Patrick’s Indy run creates new hero

? Danica Patrick lived up to the hype. Now, what does she do for an encore?

Patrick stole the show at the Indianapolis 500, giving the guys a real run for their money and nearly grabbing the biggest purse in auto racing before finishing fourth.

The 5-foot-2, 100-pound rookie thrilled the 300,000 or so spectators at the Indianapolis Motor Speedway who spent much of the final 30 laps on their feet screaming and cheering as he she tried to pull off the biggest upset in 89 years of Indy history.

Englishman Dan Wheldon got to celebrate in Victory Lane and pocketed $1.53 million, but Patrick gave Americans a new hero to follow in a sport dominated in recent years by foreign drivers.

In fact, only 14 of the 33 starters in Sunday’s race were Americans.

After being the biggest surprise of the month – turning some of the fastest speeds in practice and qualifying fourth – the 23-year-old Patrick was almost good enough to take the checkered flag. She led three times for 19 laps and overcame a stalled engine in the pits and a crash on the track before a nearly empty fuel tank finally cost her a shot at racing immortality.

“I think that if I could have run full fuel … we’ll never know,” she said, wistfully. “You know, I’d like to think that we could have maybe won it.”

David Letterman, co-owner of the Rahal Letterman team, congratulates driver Danica Patrick after she finished fourth at the Indianapolis 500. Patrick raced Sunday in Indianapolis.

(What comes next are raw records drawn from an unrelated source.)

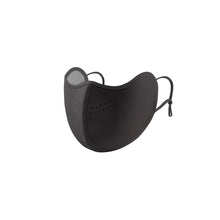 Load image into Gallery viewer, Winter Face Cover Windproof Cold Proof Breathable Face Warmer For Men Women Outdoor Sports Skiing Motorcycle Riding Hiking Cold Weather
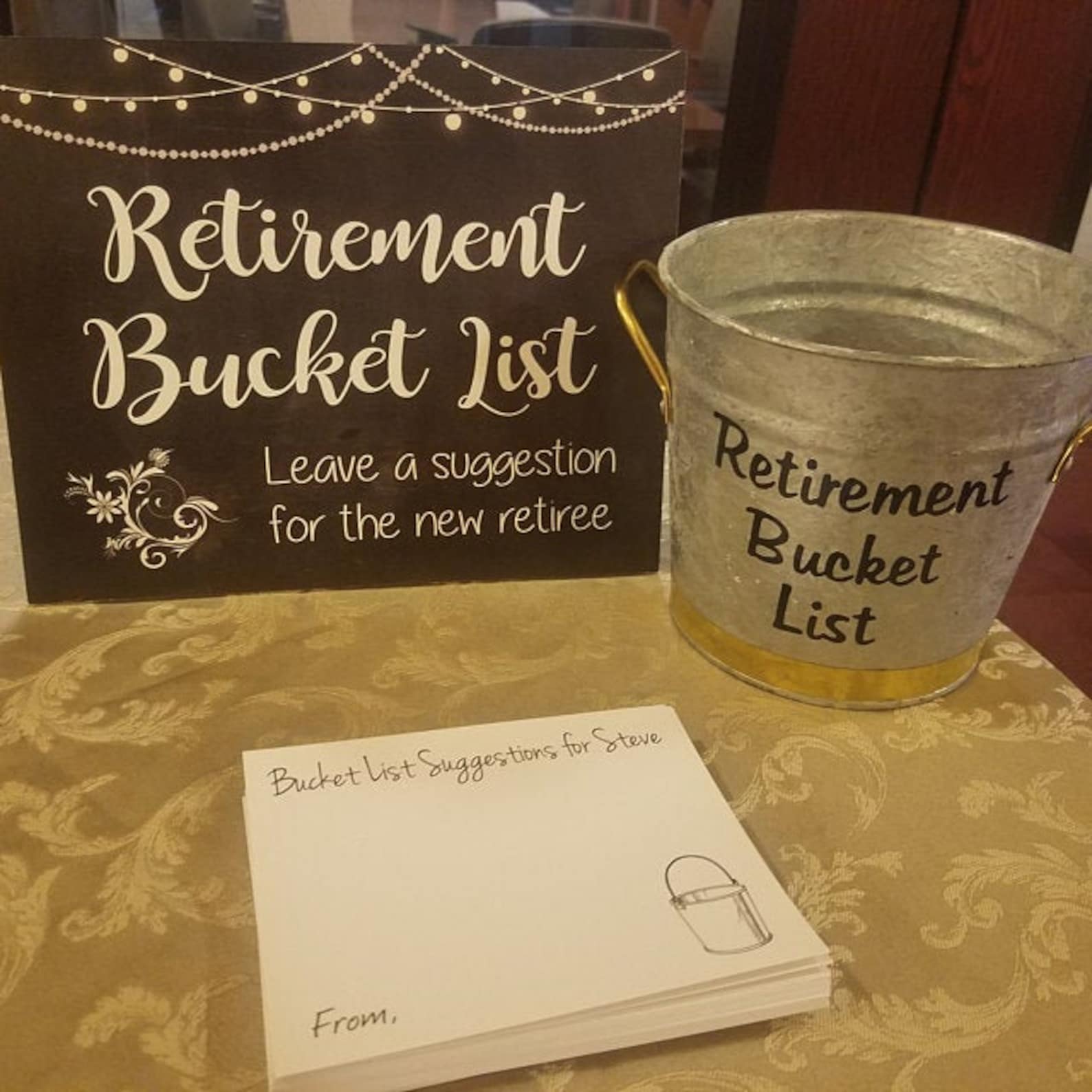 retirement-bucket-list-ideas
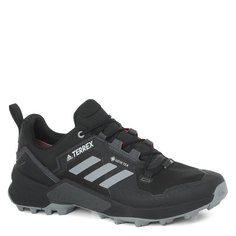 Кроссовки и кеды Adidas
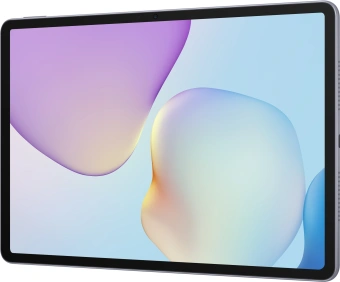 Планшет Huawei MatePad 11.5 TXZ-W09 9000WL (2.48) 8C RAM8Gb ROM128Gb 11.5" IPS 2456x1600 HarmonyOS 4.3 серый 13Mpix 8Mpix BT WiFi 10100mAh 1270hrs - купить недорого с доставкой в интернет-магазине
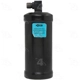 Purchase Top-Quality New Drier Or Accumulator by FOUR SEASONS - 33278 pa5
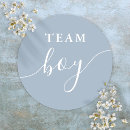 Search for vote boy stickers Cute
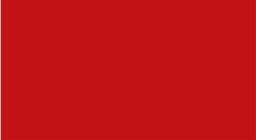 Rear0102-33_57 x 61_26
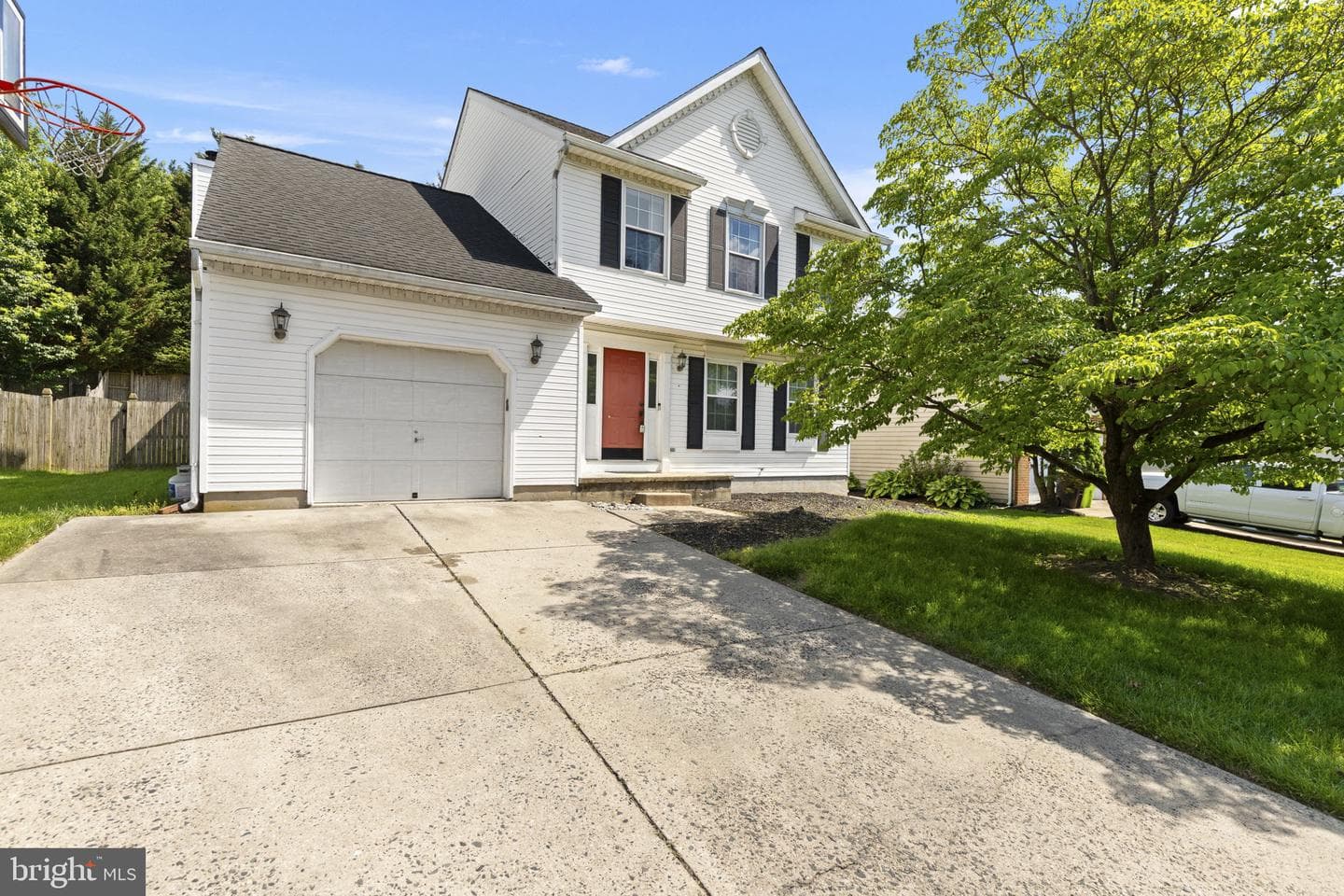 1443 Redfield Road photo 42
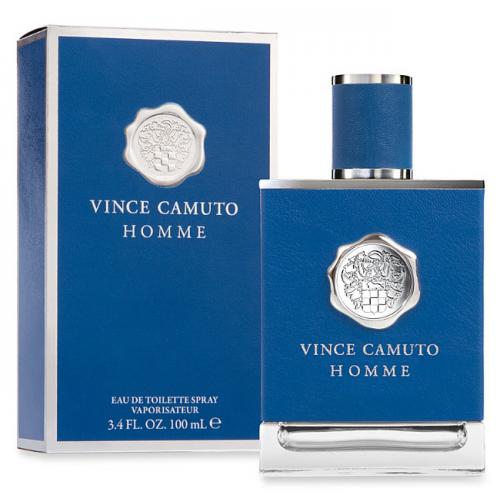 Vince Camuto Homme By Vince Camuto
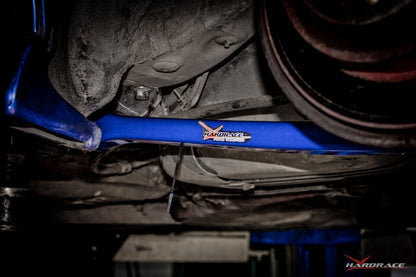 Hardrace Pillow Ball Rear Trailing Arm Subaru Impreza 1993-2006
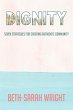 Dignity (eBook, ePUB) - Bild 1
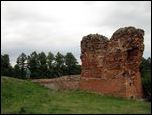 Bolesawiec - zamek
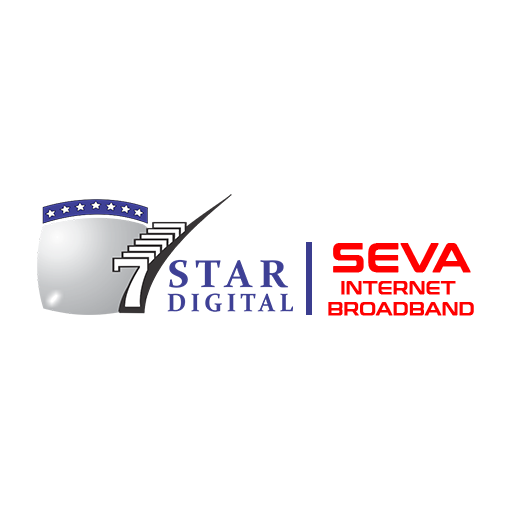 Seven Star Seva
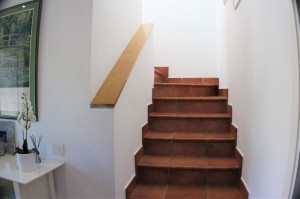 URBANIZACIÓN VILLAS DE LA LOMA - REF. A06-00009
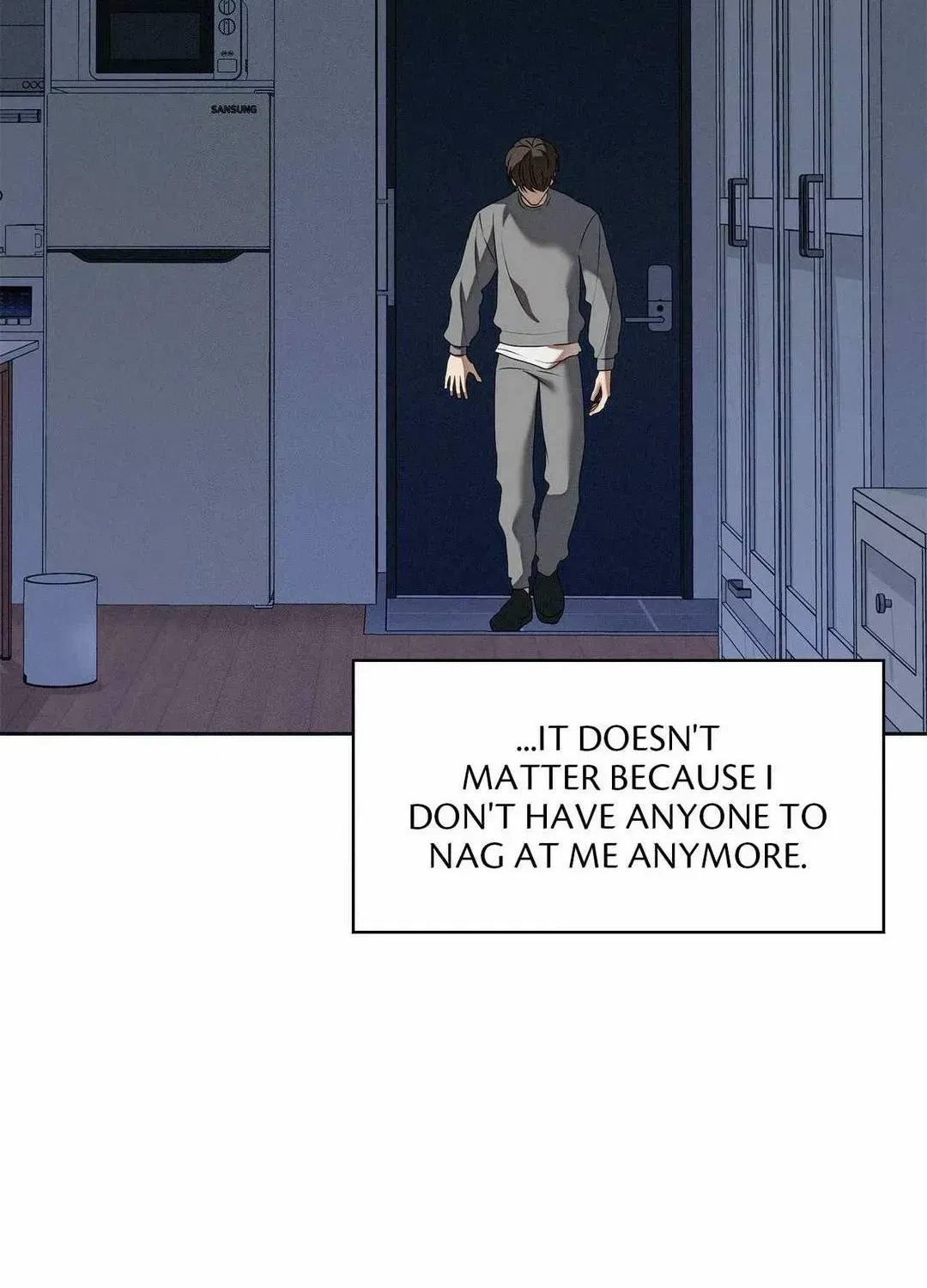 Chapter 49, page 95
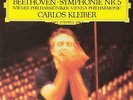 CARLOS KLEIBER**BEETHOVEN: SYMPHONIE NR.5 (180 G/WITH DOWNLOAD)**VINYL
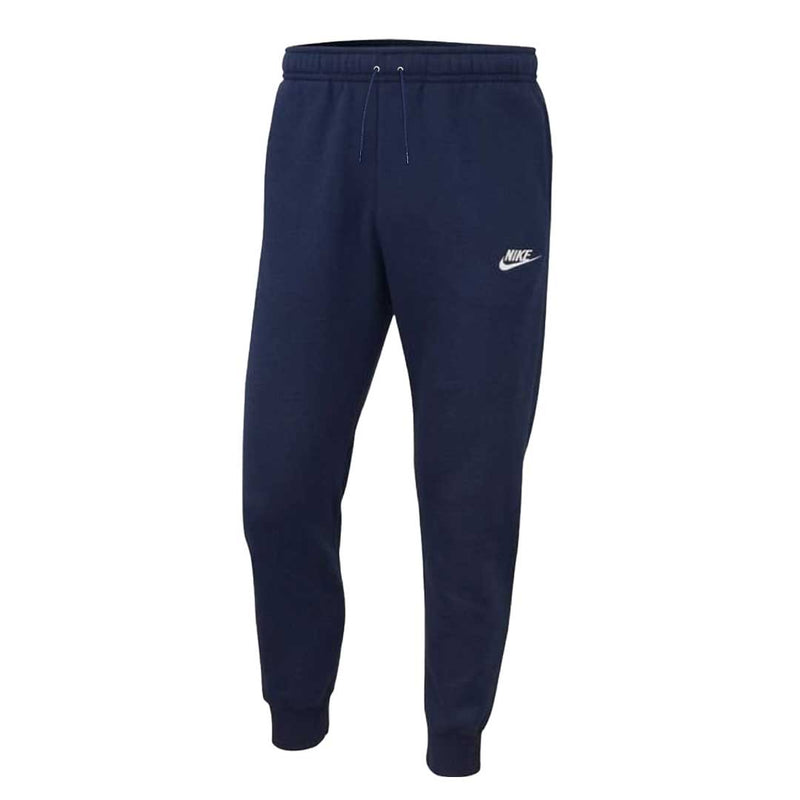 Nike - Men's Club Jogger (FN3787 451)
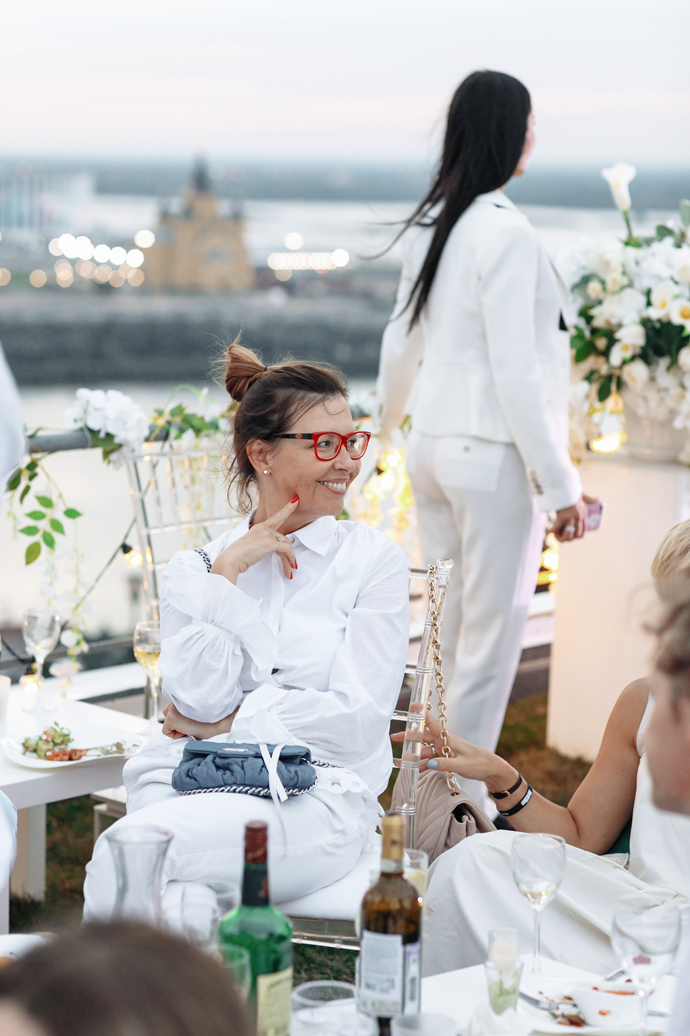 World Class Пушкинский. Избранное отметил свой день рождения на высоте. ФОТООТЧЕТ 5 World Class Пушкинский. Избранное отметил свой день рождения на высоте. ФОТООТЧЕТ 5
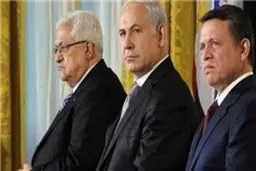 افشای طرح 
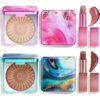Chantecaille Cosmos Collection – jetzt in Deutschland erhältlich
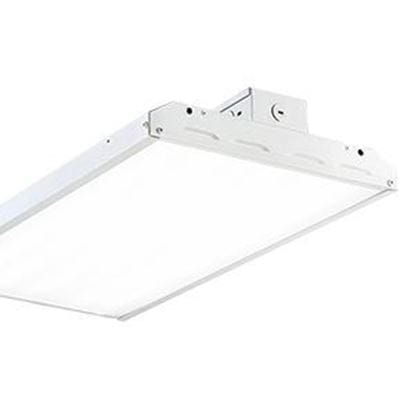 Picture of LED 1'X2' Highbay 135W/5K/120-277V/8Yr XTREME DUTY (Equiv to 250MH)
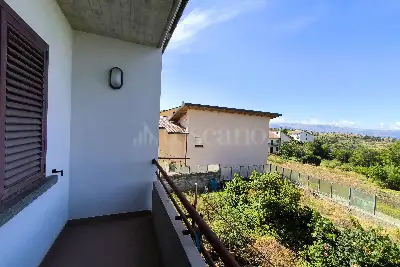 Villa Plurifamiliare in vendita, Via Paganica, L'Aquila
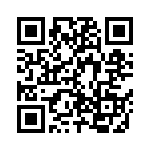 MXLPLAD15KP28A QRCode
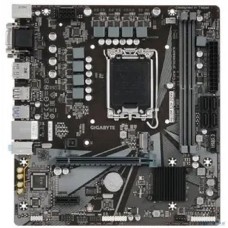 Gigabyte H610M S2H V3 DDR4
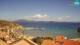Susak Sa. 22.8.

So much for the critics who said the tiny woman, who had never raced for more than 300 miles, would fade at the end of the long Indy event.

She did make those rookie mistakes, but Patrick wasn’t so much upset by that as by the fact they put her back in the pack.

“I came from the back twice,” she said. “That (stinks) back there. It’s hard. I was so (much) more content running up front. It was much easier.”

She got the lead late in the race by gambling on a long fuel run and staying on track when the other leaders pitted. And it looked like it was over for Patrick when Wheldon passed her for the lead on lap 186.

But, with the crowd in a frenzy, she zoomed back on top on a restart on lap 190 and began to pull away – until she was ordered to slow to conserve fuel. Her laps speeds dropped from 226 to 221 mph.

Wheldon regained the lead on lap 194, and Vitor Meira and Bryan Herta also got past her before the finish. But Patrick, who barely had enough fuel to finish, was not discouraged.

“I think what might have showed the most is that I was able to pass, and I was able to learn how to set someone up better,” she said. “Yeah, I definitely got a lot of experience in different situations. So it was frustrating to be leading the race with so few laps to go and not be able to finish hard and just hang out up front and win the thing.”

Danica Patrick, who finished fourth in Sunday's Indianapolis 500, describes her race experience in an interview before the victory celebration. The gala was Monday at the Indianapolis Motor Speedway in Indianapolis.

Patrick, the fourth woman to race in the Indy 500, helped ABC generate the best TV ratings for Indy in nearly a decade.

The overnight rating from the nation’s top 55 markets was 6.6 with a 17 share – meaning 17 percent of the people watching TV tuned in to the 500 at some point during the three-hour race.

That was up 40 percent from last year’s 4.7 rating and 11 share, and was the highest Sunday rating for the Indy 500 since a 7.4 and 21 share in 1996 – the year the Indy Racing League began competing with the established CART series, starting a downward spiral in open-wheel interest. The 1997 race, which finished on a Tuesday because of rain, drew a 7.6 rating and 19 share.

During the last 15 minutes of Sunday’s race, with Patrick in or near the lead, the rating jumped to 8.8 with a 21 share.

Patrick’s list of Indy feats is impressive:

  • Best starting position by a woman.
  • First woman to lead a lap.
  • Best finish by a woman.

It would have been hard for her to picture all of this happening a year ago.

Patrick, then racing in the developmental Toyota Atlantic Series, accompanied team co-owner Bobby Rahal to Indianapolis to spark a little publicity for her sponsors. She appeared momentarily startled when Rahal unexpectedly announced during a Speedway news conference that the team co-owned by television talk show host David Letterman would put her in a car for this year’s Indy 500.

Typical of Patrick, she recovered quickly, her black eyes blazing with excitement.

“Cool!” she said, adding, “I’ll be ready.”

Rahal went one better on his promise, putting Patrick in a full-time IndyCar ride this season.

Her apprenticeship has been brief and her learning curve sharp. Rahal, a three-time series champion and the 1986 Indy winner, told the determined rookie repeatedly to just finish races and not worry about results.

“Seat time is what she needs,” he said.

But in four races leading up to Indy, Patrick improved in each, including an eye-opening fourth-place run last month in Motegi, Japan, where she led 32 laps.

Now, it appears Motegi was no fluke. The next test will come June 11 at Texas Motor Speedway, another of the fastest tracks on the IRL schedule.

That means it’s time to put both the disappointments and the accomplishments of Indy behind her.

“Man, I can hardly wait,” Patrick said. “I love being in the race car. That’s why I’m in this sport. And I guess I’ll have to win a race before people really believe in me.”